▶ [Recorded information]:
▼▼▼

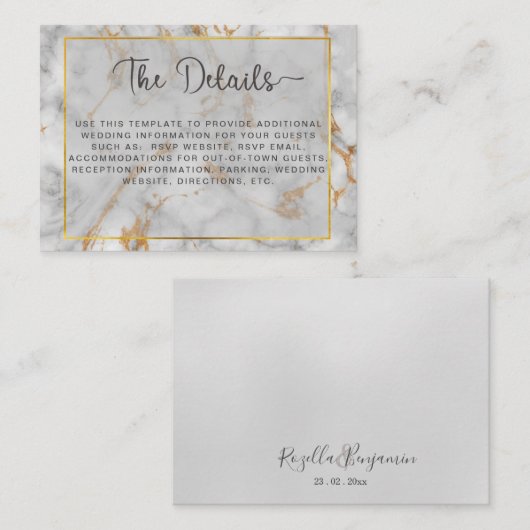 Gray Gold Marble Agate & Elegantes Modern Script Begleitkarte (Vorne/Hinten)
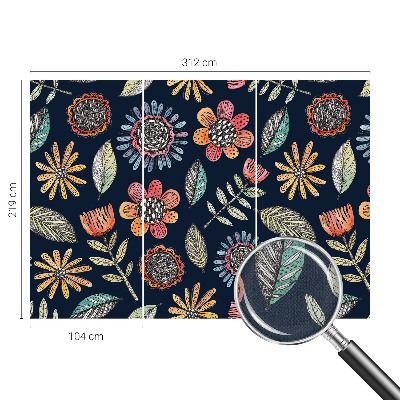 Papel mural texturado decorativo con diseño de mosaico floral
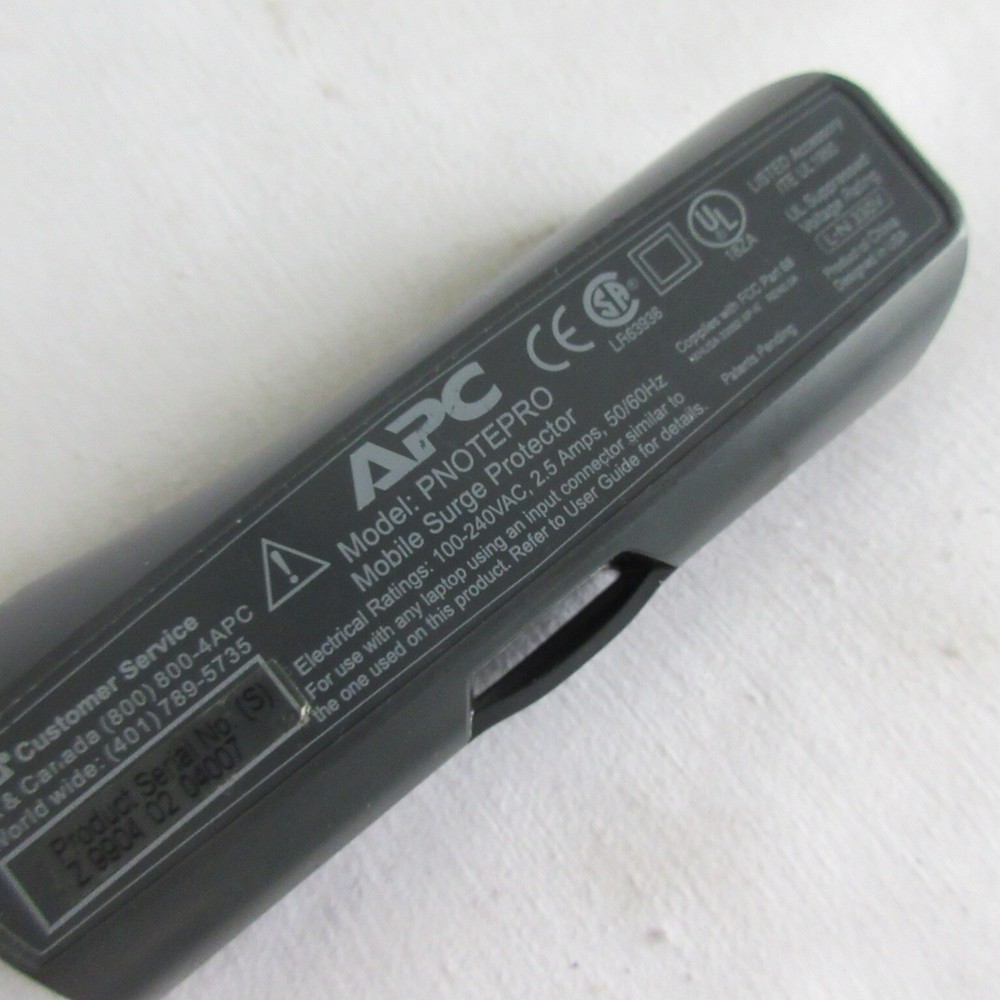APC PNOTE PRO SURGE PROTECTOR NOTEBOOK 2 PRONT ADAPTER PNOTEPRO COMPUTER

▲▲▲

▶ [Exercise directions]:
When you retype the data above, match every line exactly and leave the pictures behind.

▶ [Completed task]:
 Gray Gold Marble Agate & Elegantes Modern Script Begleitkarte (Vorne/Hinten)
 Papel mural texturado decorativo con diseño de mosaico floral
APC PNOTE PRO SURGE PROTECTOR NOTEBOOK 2 PRONT ADAPTER PNOTEPRO COMPUTER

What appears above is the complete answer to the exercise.